Artificial neural networks (ANN) is a field of research aimed at using complex systems, made of simple identical non-linear parallel elements, for performing different types of tasks; for review see (Hertz et al 1990),(Bishop 1995) and (Ripley 1996). During the years neural networks have been successfully applied to perform regression, classification, control and prediction tasks in a variety of scenarios and architectures. The most popular and useful of ANN architectures is that of layered feed-for ward neural networks, in which the non-linear elements (neurons) are arranged in successive layers, and the information flows unidirectionally; this is in contrast to the other main generic architecture of recurrent networks where feed-back connections are also permitted. Layered networks with an arbitrary number of hidden units have been shown to be universal approximators (Cybenko 1989; Hornik et al 1989) for continuous maps and can therefore be used to implement any function defined in these terms.

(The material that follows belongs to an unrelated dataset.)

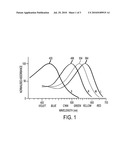 Imaging System And Process Using Monoclonal Antibodies diagram and image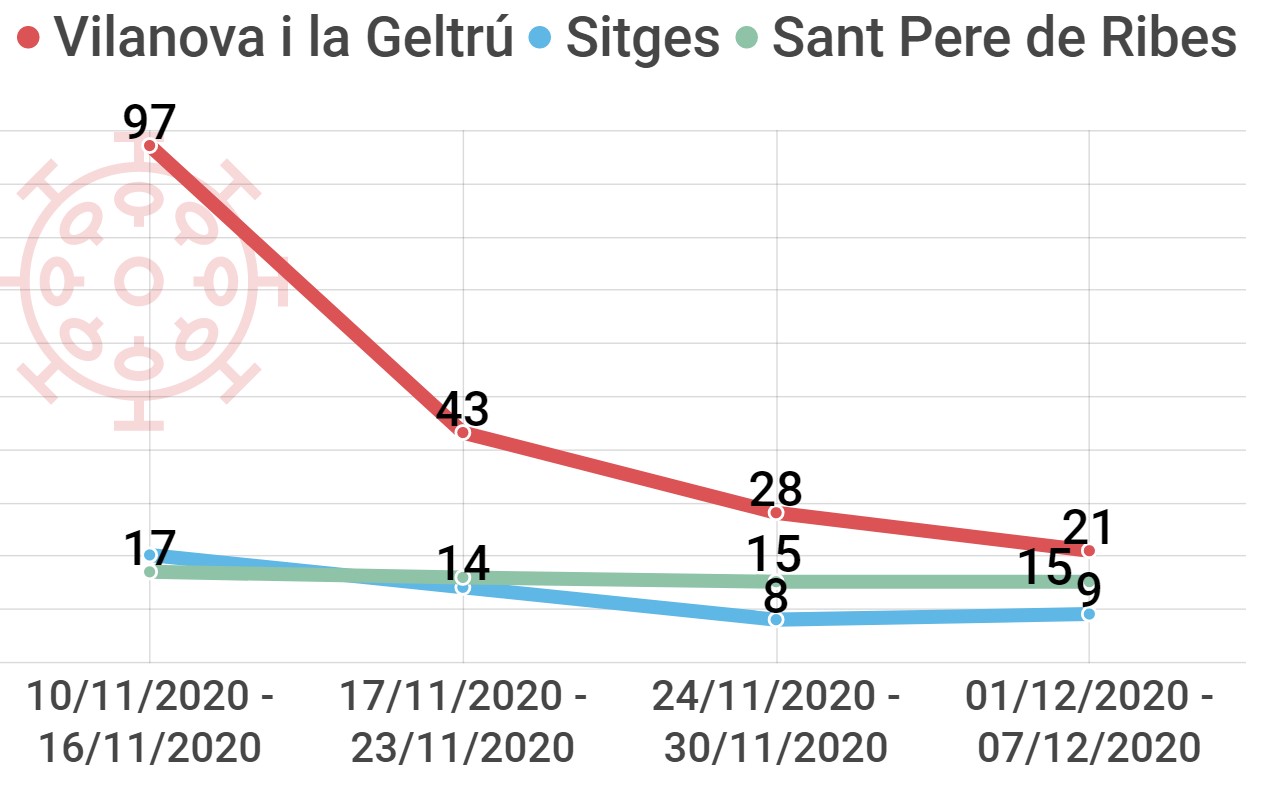 El coronavirus se resiste a bajar más en la comarca del Garraf: 67 personas dan positivo y 6 fallecen en la última semana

Learning in layered neural networks refers to the modification of internal network parameters, so as to bring the map implemented by the network as close as possible to a desired map. Learning may be viewed as an optimization of the parameter set with respect to a set of training examples instancing the underlying rule. Two main training paradigms have emerged: batch learning, in which optimization is carried out with respect to the entire training set simultaneously, and on-line learning, where network parameters are updated after the presentation of each training example (which may be sampled with or without repetition).